In the midterm election this year, Republican candidates for US House won, in the aggregate, 51.6% of the vote, compared to 45.5% for Democrats. This outcome was widely regarded as a "rout," a Republican "wave," and indeed if Republicans prevail in three outstanding races so close that a winner is yet to be declared they will hold more seats than at any time since the 71st Congress convened in 1929.
Another way of putting it would be to observe that Republicans, by getting just under 52% of the vote, are going to be holding 57% of the seats in the US House. That the composition of the Congress is more Republican than the electorate is a persistent, under-reported fact about recent American politics. For example, in the last congressional election before this one, Democratic candidates for US House received 49.2% of the vote to 48.0% for Republicans. But this narrow "victory" for the Democrats resulted in a fairly substantial (234-201) Republican majority in the House. I remember John Boehner crowing that "the American people" chose the Republicans to run the House of Representatives. But, since a plurality of "the American people" had voted for a Democrat, it's hard to see how exactly it could be that they had "chosen" to be governed by the Republicans.

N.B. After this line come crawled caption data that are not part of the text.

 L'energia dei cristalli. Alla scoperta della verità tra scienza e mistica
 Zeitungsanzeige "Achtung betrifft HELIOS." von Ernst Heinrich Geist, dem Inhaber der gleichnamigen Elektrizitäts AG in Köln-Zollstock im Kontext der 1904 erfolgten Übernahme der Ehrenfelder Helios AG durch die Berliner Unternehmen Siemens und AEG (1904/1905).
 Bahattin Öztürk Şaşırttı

The country is full of congressional districts that are 65% Democratic and even more that are 55% Republican. Consequently, hundreds of uncompetetive races hurdle toward a foretold result that reflects more truly the interests of those who draw the boundaries than those of people whose participation in "the process" is limited to voting.

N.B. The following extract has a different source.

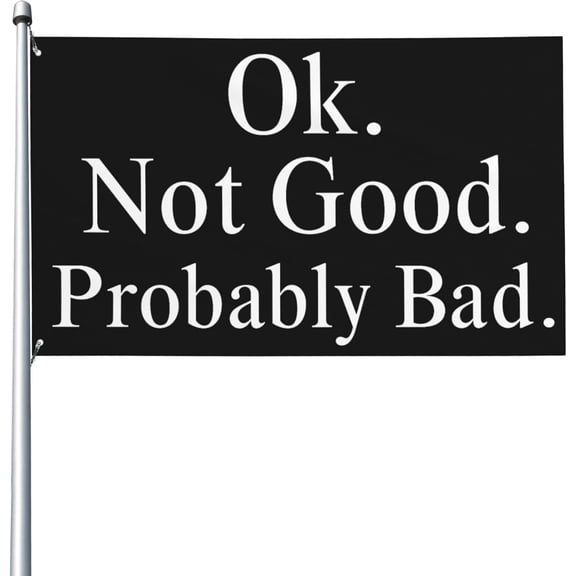 Ok Not Good Probably Bad 3x5 Flag Yard Flag Outdoor Sign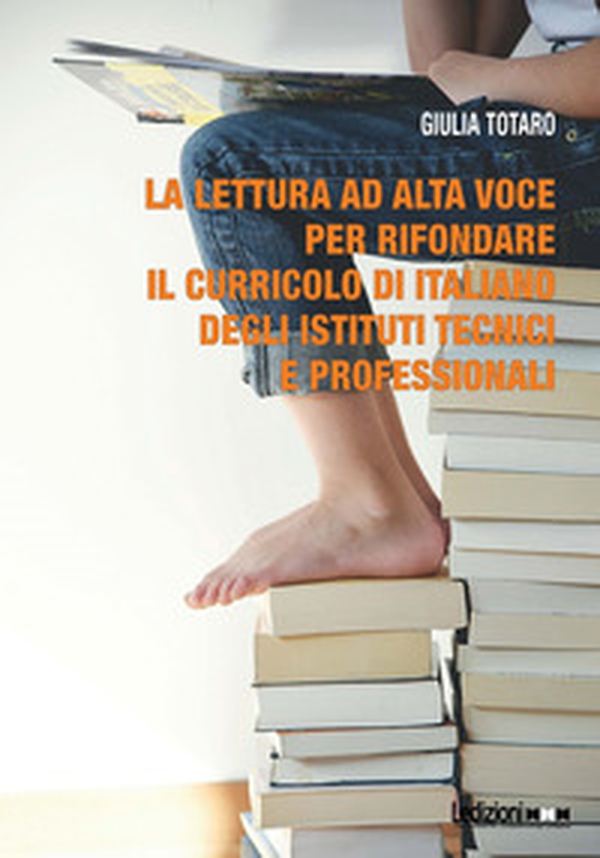 La lettura ad alta voce per rifondare il curricolo di italiano degli istituti tecnici e professionali - Librerie.coop La lettura ad alta voce per rifondare il curricolo di italiano degli istituti tecnici e professionali - Librerie.coop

In the Senate, the situation is worse. Each state, no matter how big or small, elects two senators to represent it. When "the most august legislative body in the world" has heard from the representatives of California and those of Wyoming, the vote is invariably a 2-2 tie. Since this undemocratic arrangement is required by our Constitution, there is virtually no hope of reforming it, even though it was essentially a sop for southerners who feared that slavery would be abolished at the polls by voters in the more populous North. In the twenty-second Federalist Paper, Alexander Hamilton wrote:
Every idea of proportion and every rule of fair representation conspire to condemn a principle, which gives to Rhode Island an equal weight in the scale of power with Massachusetts, or Connecticut, or New York; and to Deleware an equal voice in the national deliberations with Pennsylvania, or Virginia, or North Carolina. Its operation contradicts the fundamental maxim of republican government, which requires that the sense of the majority should prevail. Sophistry may reply, that sovereigns are equal, and that a majority of the votes of the States will be a majority of confederated America. But this kind of logical legerdemain will never counteract the plain suggestions of justice and common-sense. It may happen that this majority of States is a small minority of the people of America. . . .

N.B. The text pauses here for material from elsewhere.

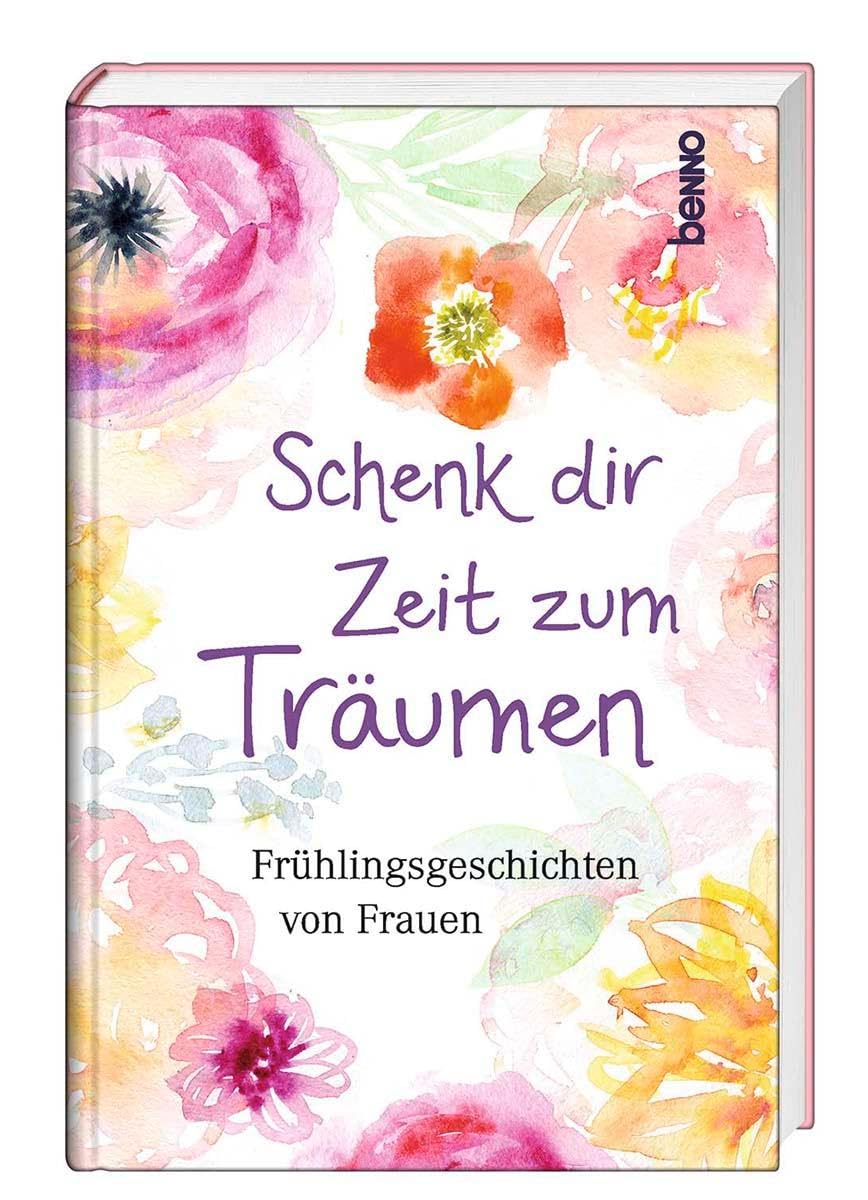 Schenk dir Zeit zum Träumen Contemporary literature Books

He continues in a manner that almost leads you to believe that he anticipated the rule concerning the filibuster:
To give a minority a negative upon the majority (which is always the case where more than a majority is requisite to a decision), is, in its tendency, to subject the sense of the greater number to that of the lesser. Congress, from the nonattendance of a few States, have been frequently in the situation of a Polish diet, where a single veto has been sufficient to put a stop to all their movements. A sixtieth part of the Union, which is about the proportion of Delaware and Rhode Island, has several times been able to oppose an entire bar to its operations. This is one of those refinements which, in practice, has an effect the reverse of what is expected from it in theory. The necessity of unanimity in public bodies, or of something approaching towards it, has been founded upon a supposition that it would contribute to security. But its real operation is to embarrass the administration, to destroy the energy of the government, and to substitute the pleasure, caprice, or artifices of an insignificant, turbulent, or corrupt junto, to the regular deliberations and decisions of a respectable majority. In those emergencies of a nation, in which the goodness or badness, the weakness or strength of its government, is of the greatest importance, there is commonly a necessity for action. The public business must, in some way or other, go forward. If a pertinacious minority can control the opinion of a majority, respecting the best mode of conducting it, the majority, in order that something may be done, must conform to the views of the minority; and thus the sense of the smaller number will overrule that of the greater, and give a tone to the national proceedings. Hence, tedious delays; continual negotiation and intrigue; contemptible compromises of the public good.
But even Hamilton did not foresee elections awash in cash infused by wealthy contributors exercising their constitutionally protected "freedoms." Only worry warts think that the recipients of their largesse will be disinclined to enact the democratic reforms that are desperately needed.